# 2003 DLT 3000 Briggs v twin



## markfnc (Sep 16, 2003)

Motor is struggling. Smoking white real bad. Changed oil filter, oil, spark plugs, air filters, gas filter. 300 + hours on it. Cleaned out carb. 

Ran fine for about 40 minutes, then started smoking real bad again. 

Any ideas?


----------



## dozer966 (Dec 30, 2014)

Did you do a compression test. If compression is low it could burn oil. White smoke usually means raw fuel or antifreeze, but I think your engine is air cooled. A compression test wouldn't be a bad idea but I'm not saying that is it. What does the smoke smell like in your opinions.
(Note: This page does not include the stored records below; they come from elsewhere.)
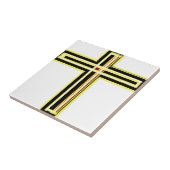 Kruistegel Tegeltje (Zijkant)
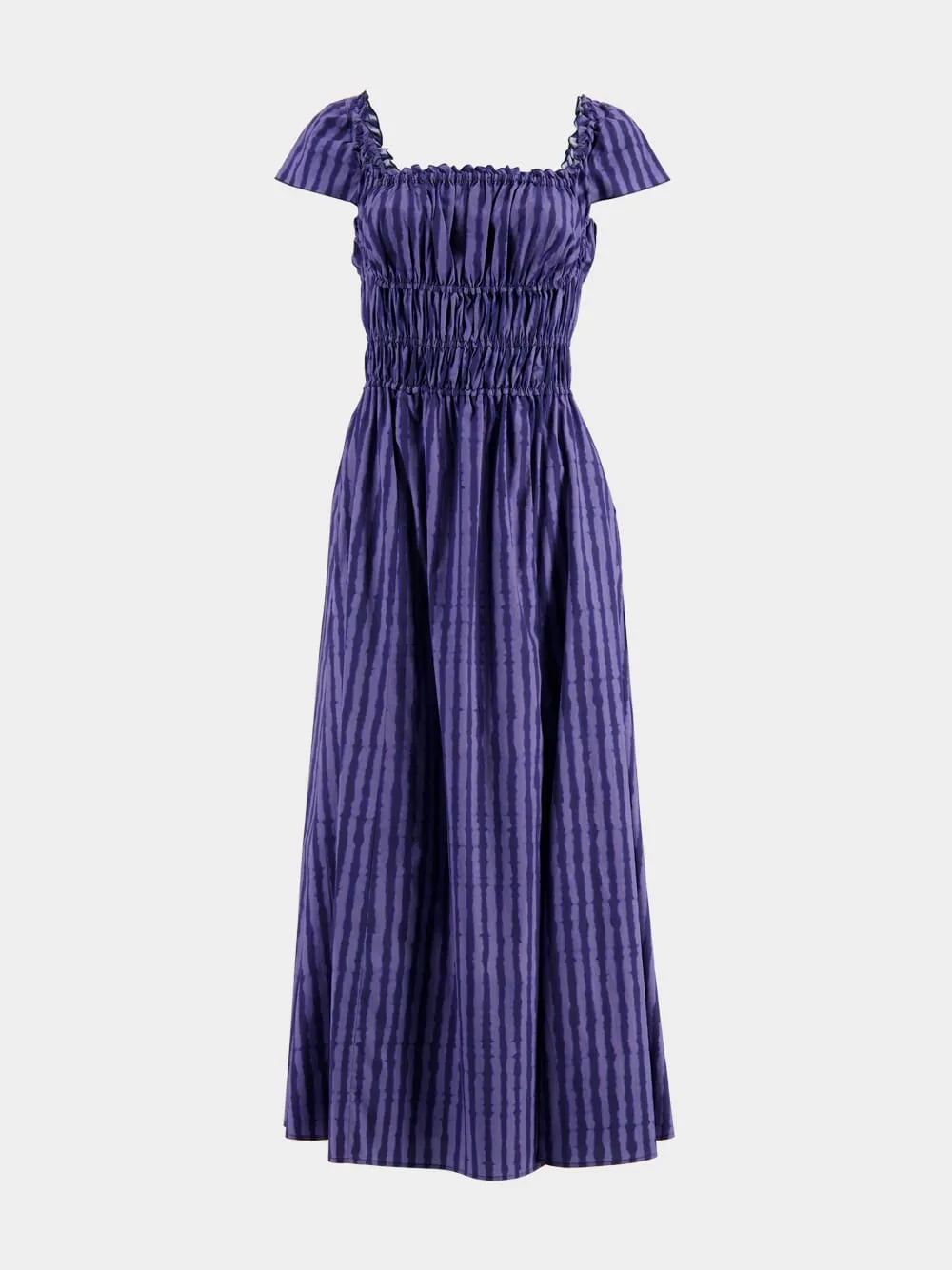 Lily Off-Shoulder Midi Dress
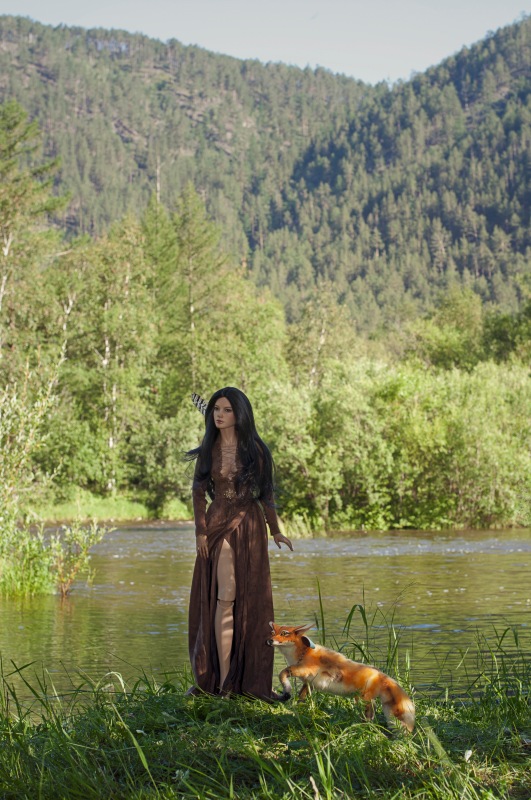 Мисс Бебики 2018. Тамириса. На берегу очень дикой реки... Часть первая (продолжаем знакомиться)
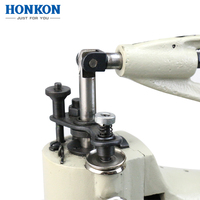 Machine de réparation de chaussures HK-2971, vente chaude, haute efficacité, adaptée à la réparation de différentes tailles de chaussures en tissu
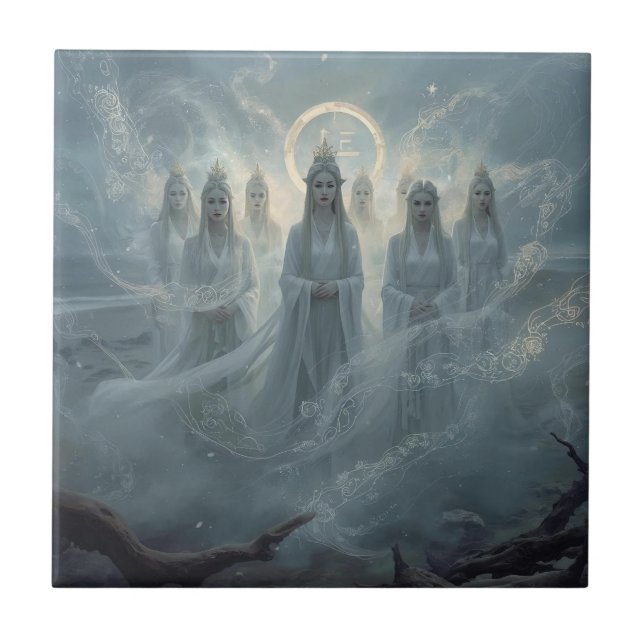 The Seven Queens of the Mist (Frente)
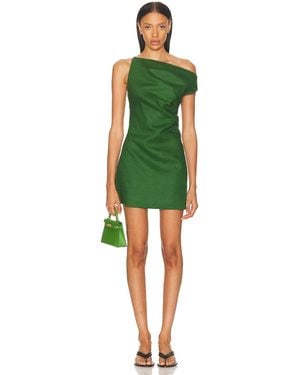 Ronny Kobo Winnie Dress - Green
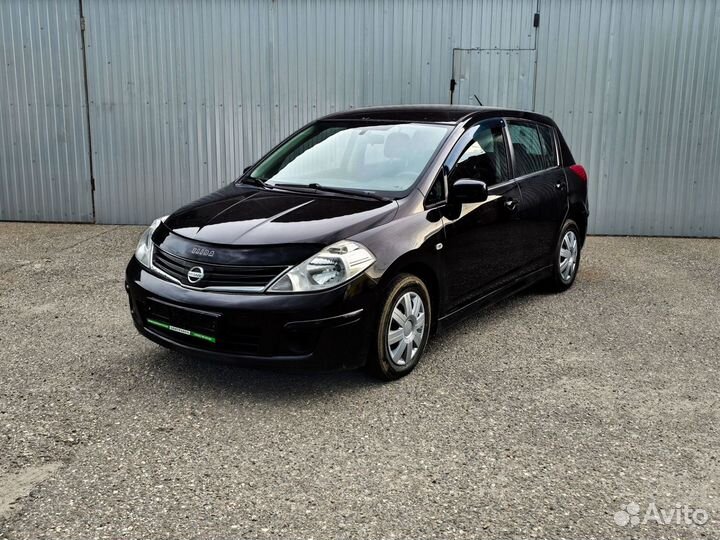 Nissan Tiida 1.6 AT, 2011, 181 000 км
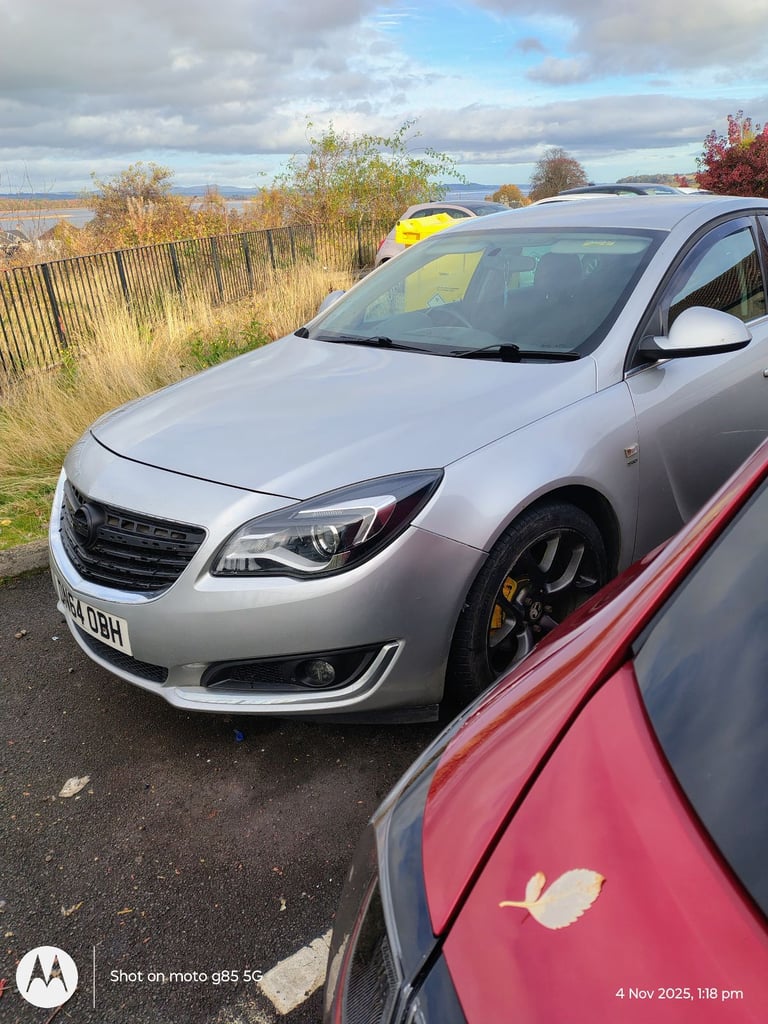 VAUXHALL INSIGNIA, SRI NAV CDTI ECO S/S sport model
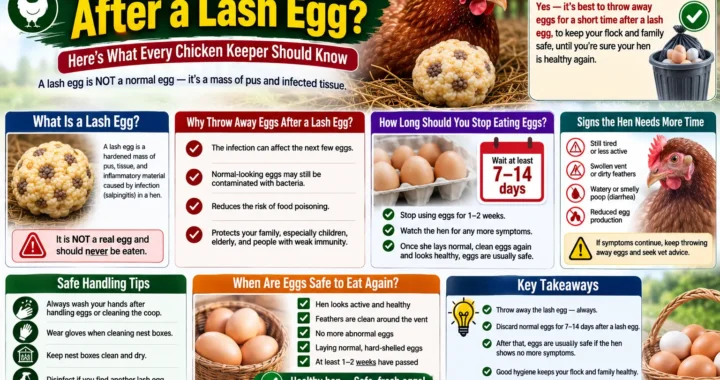 Should You Throw Away Eggs After a Lash Egg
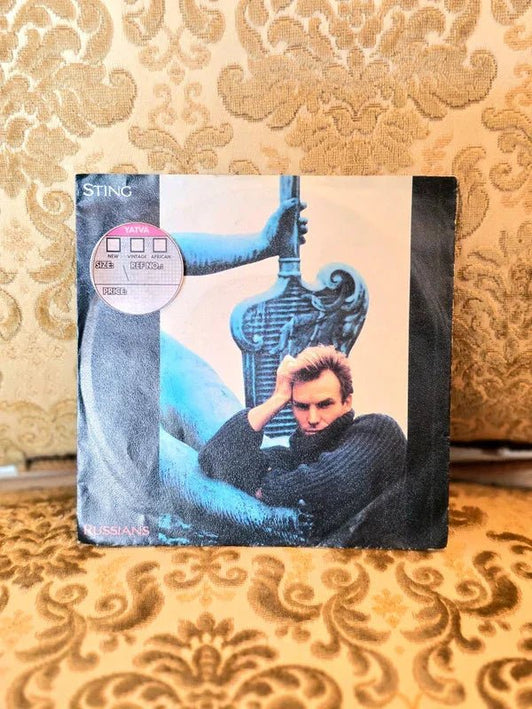 Sting – Russians Vinyl Record - Yatva
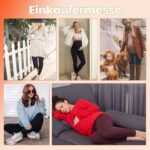 QGGQDD Thermo-Umstandsleggings High Waist – Gefüttert & Blickdicht für Schwangere – Bild 2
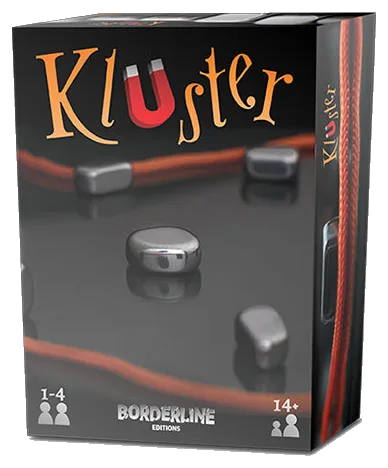 Kluster box art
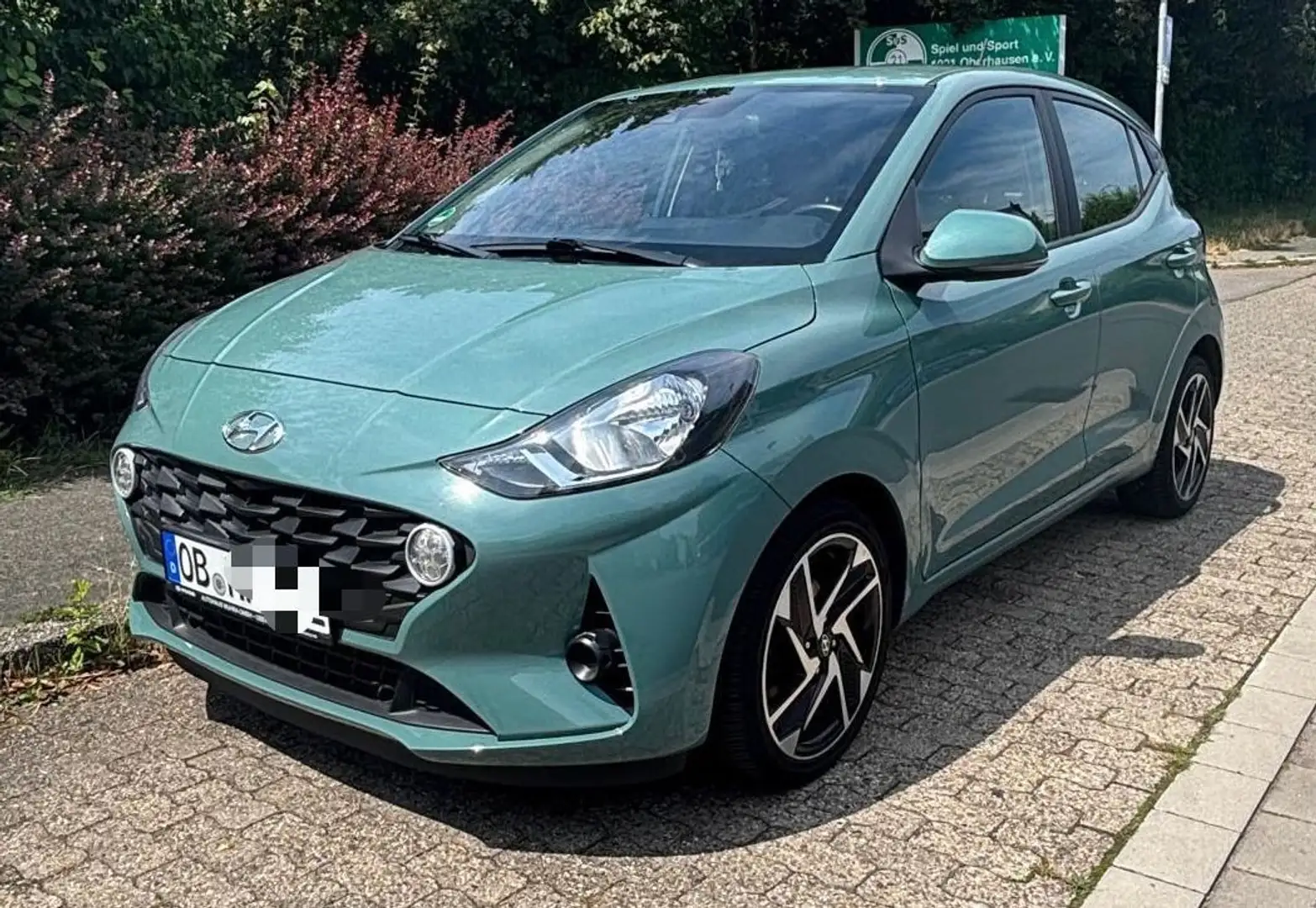 Hyundai i10 i10 1.2Trend Verde - 1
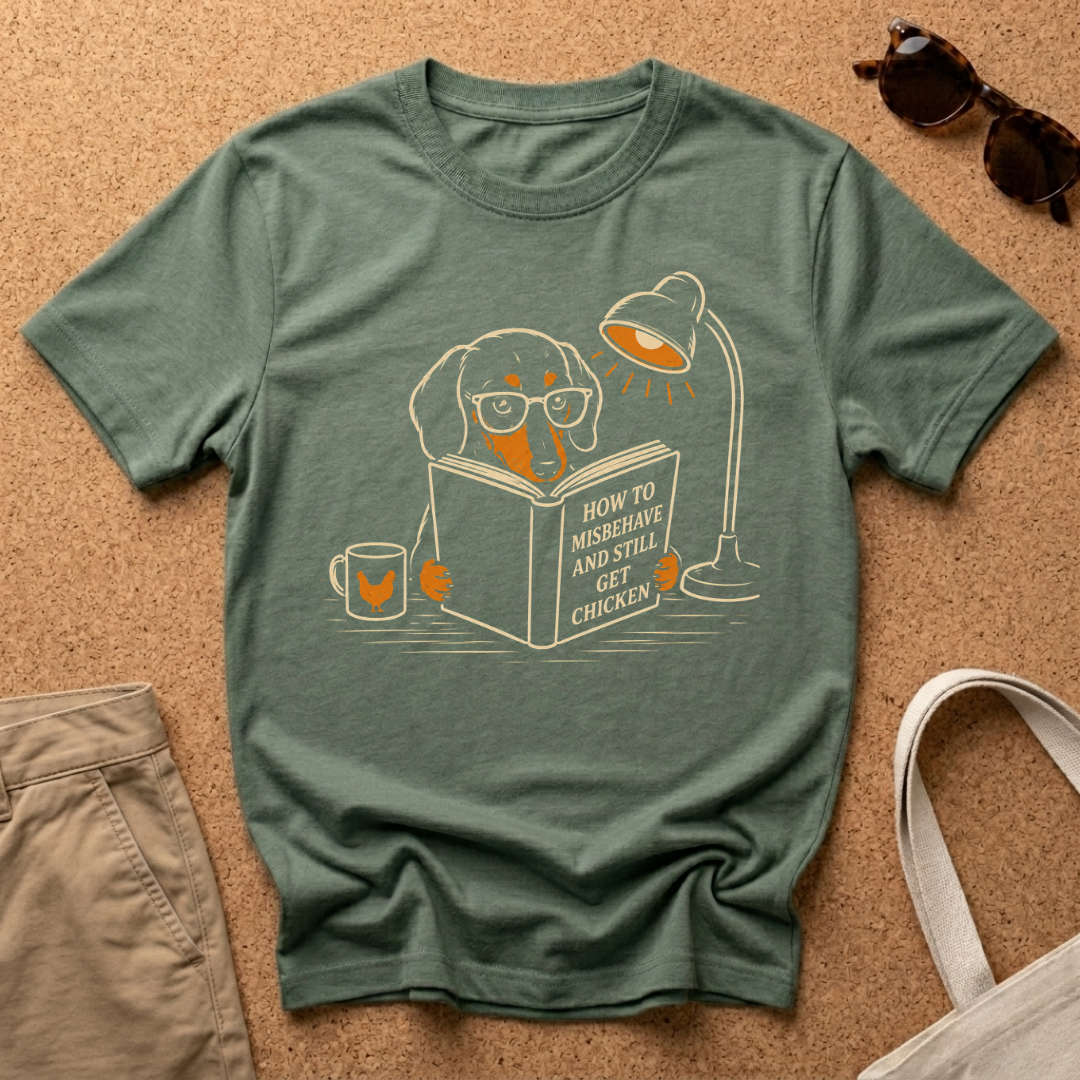 Learning Dachshund T-Shirt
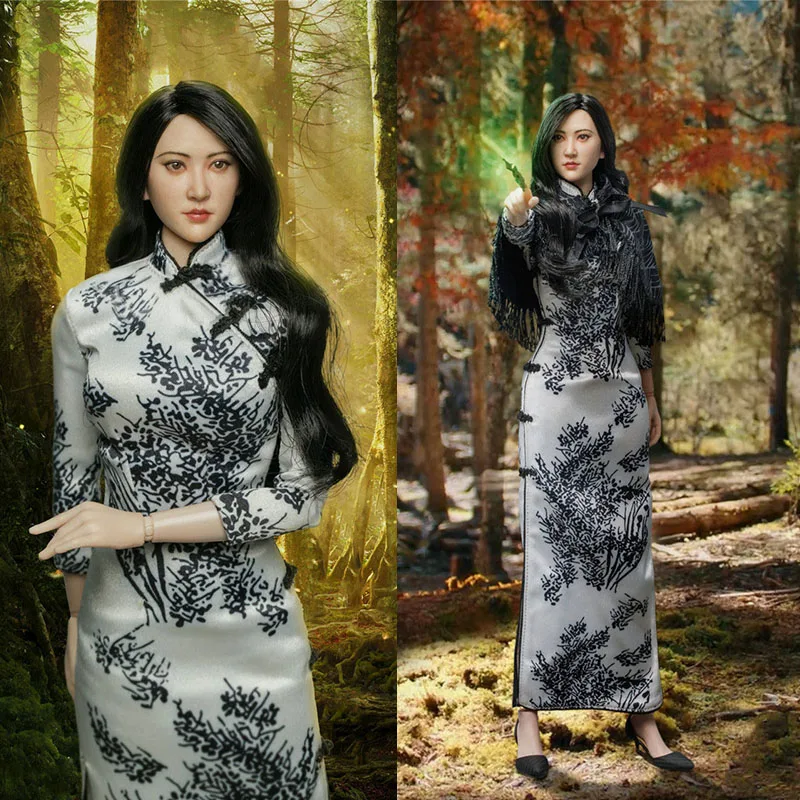 FT007 1/6 Scale Female Soldier China Actor Jing Tian Rattan Cheongsam Costume Model 12'' Full Set Action Figures Dolls for Gifts
FT007 1/6 Scale Female Soldier China Actor Jing Tian Rattan Cheongsam Costume Model 12'' Full Set Action Figures Dolls for Gifts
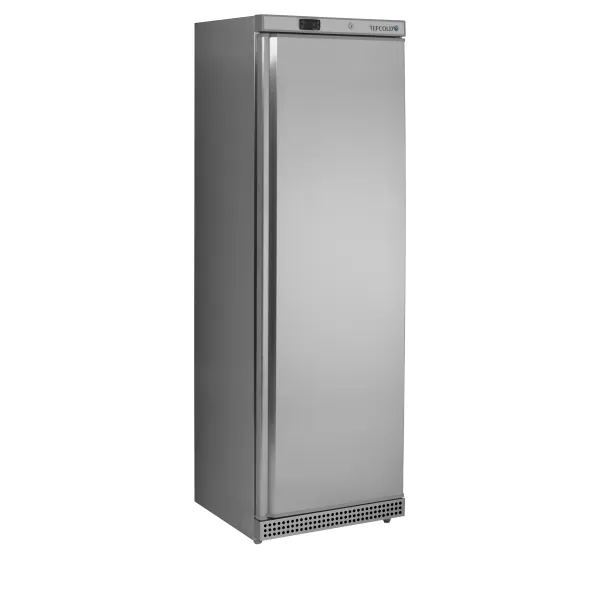 Chladicí skříň plné dveře, nerez Tefcold UR400X1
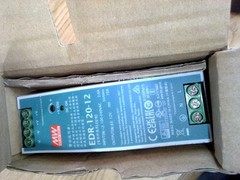 NEW OPEN BOX Mean Well EDR-120-12 AC/DC Power Supply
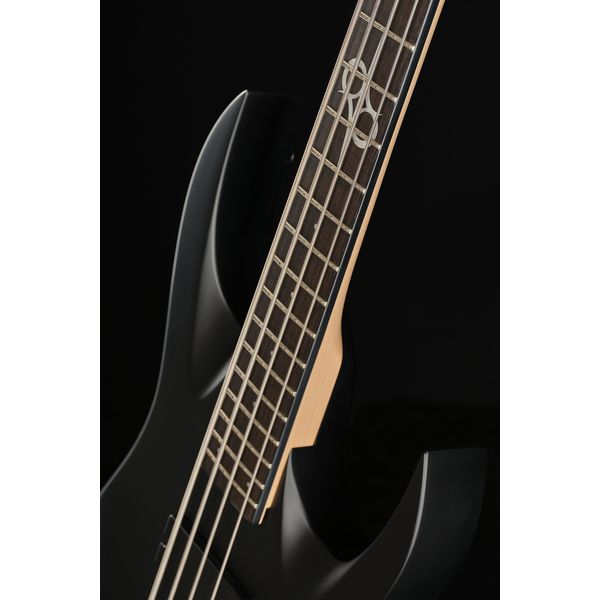Solar Guitars AB2.4C Baritone Carbon Black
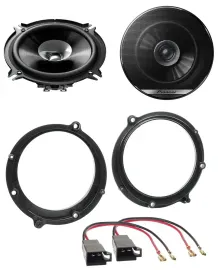 Pioneer 13cm 250Watt Lautsprecher für Audi A4 1994-2000 Fronttür Auto Boxen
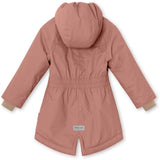 MINI A TURE Vikana Fleece Vinterjakke Wood Rose 2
Some one can jump in but maybe burnt valve or valve adjustment. you were also saying that the first half hour or so it's OK and then smokes, try doing a compression test cold and then an other when it starts smoking and compare results.

Good luck


----------



## Bill Kapaun (May 8, 2007)

I'd guess head gasket.
You could isolate the cylinder by disconnecting & grounding one spark plug lead at a time.
You can then remove the valve cover on the "bad" cylinder.
Have a rag handy.
Start engine and (quickly) look for "vapor" blowing out of the cylinder sealing area.
They usually fail next to the push rods.


----------



## markfnc (Sep 16, 2003)

Redid carb, solenoid. seems ok now.


----------